Robben Island
Having gotten Table Mountain out of the way on Friday afternoon, I had the whole of Saturday to do Robben Island for many reasons, most especially to get a good idea of what Apartheid was to the people the system considered criminal, inferior, undesirable, radical or reactionary.
I had decided on making out for the first possible journey on Saturday and once again, it was possible to book a tour of the island online and print out the ticket to avoid long queues.
The UberBlack taxi I ordered took me to the other side of the Victoria & Alfred Waterfront and note it is Alfred the second son of Queen Victoria and not Alfred the consort.
After taken directions to the Nelson Mandela Gateway on the V&A Waterfront, I went through security and found myself boarding the slowest of the ferries (The Jester) to Robben Island.
A preamble
I knew that because Thandi appeared to be the fastest which passed us on the way out and on its return and Thembikile which I boarded on my way back, left Jester in its wake even though Jester left a good 15 minutes before. The Sea Princess was in the dock, but not in service on that day, or probably it was there to service VIPs.
Robben Island has at one time or the other been a war garrison, a prison, a leper colony and now it is a nature reserve, a World Heritage Site and a very popular tourist attraction which for its use as a prison in the Apartheid times gives it prominence in the history and the stories told during the tour.
They served an abhorrent system
On arrival at the Robben Island harbour and getting off the boat to board the bus that would first take us on a tour of the island before we went to view the prisons, I could not help but notice the obviously pretentious Auschwitz-like sign at the entrance. At Auschwitz, it was Arbeit Macht Frei, here at Robben Island, it was We Serve With Pride, also in Afrikaans.
They served the Apartheid System with Pride.
Of the stories I heard of man’s inhumanity to man coloured by race, prejudice and injustice, the fear authorities have of alternative thought that refused to be subjugated to inhumane and atrociously cruel and evil law, there was no service to humanity nor pride to be had in the what happened on Robben Island.
However, Robben Island and the experience of being incarcerated there created some amazingly remarkable men who took from that episode in their lives something that exemplifies the human spirit in forgiveness, reconciliation and leadership – prominent amongst such men is Nelson Mandela who died exactly two years before on the day of my visit to Robben Island.
Through the experience of Tom Moses
People were segregated on Robben Island according to race and the black race was treated the least favourably in incarceration, they were treated lower than dogs, issued with shorts rather and trousers, had no shoes, slept on mats on the floor rather than on beds and they did the most labour intensive work of quarrying by hand and building the prison blocks in which they were housed.
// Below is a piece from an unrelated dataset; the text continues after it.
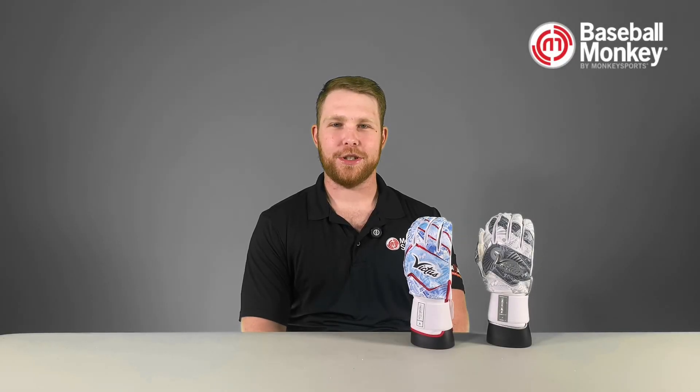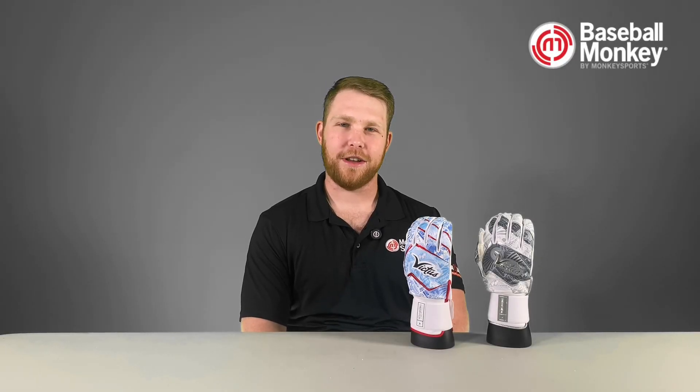Hey guys, Marcus here from Baseball Monkey. Today, we're checking out the newly redesigned Victus Nox batting gloves.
The bus driver and tour guide had relationships with Robben Island as relations of people who had been imprisoned on the island. I was sad beside an Australian lady and it was poignant as an Englishman visiting the old penal colony of Robben Island to remember there that the British once used Australia as a penal colony.
However, it was the story of Tom Moses, an inmate of Robben Island who was sent there at the age of 19, from the 3rd December 1976 to the 31st May 1985, for all sorts of contrived offences as terrorism, insurrection, anti-nationalist crimes and opposing Apartheid that left us numb with shock and a feeling of helplessness at what people might have experienced when Robben Island got its rotten reputation.
One of the buildings on the island was a church which is under the care of the Archbishop Desmond Tutu family, one could not help but notice the irony of it being named The Church of the Good Shepherd it was built by lepers in 1895.
Tom Moses, a personification of the greatness of the human spirit.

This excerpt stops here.